EXERCISE INSTRUCTIONS: The data below is to be written out exactly, with no pictures.
::::
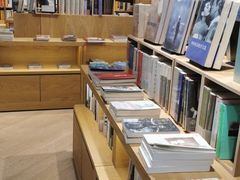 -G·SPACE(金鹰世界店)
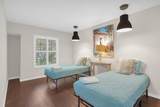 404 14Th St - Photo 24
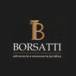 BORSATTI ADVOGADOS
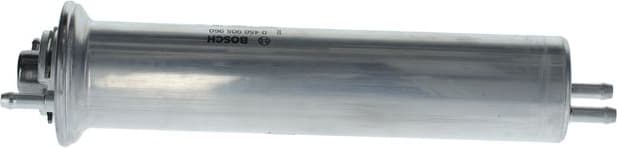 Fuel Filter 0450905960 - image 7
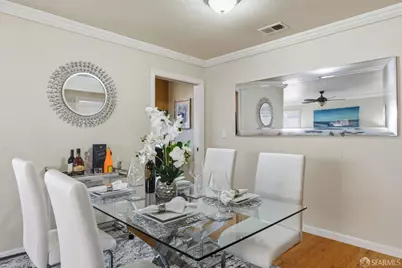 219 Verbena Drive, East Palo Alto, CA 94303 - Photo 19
::::
FINISHED EXERCISE:
 -G·SPACE(金鹰世界店)
 404 14Th St - Photo 24
 BORSATTI ADVOGADOS
 Fuel Filter 0450905960 - image 7
 219 Verbena Drive, East Palo Alto, CA 94303 - Photo 19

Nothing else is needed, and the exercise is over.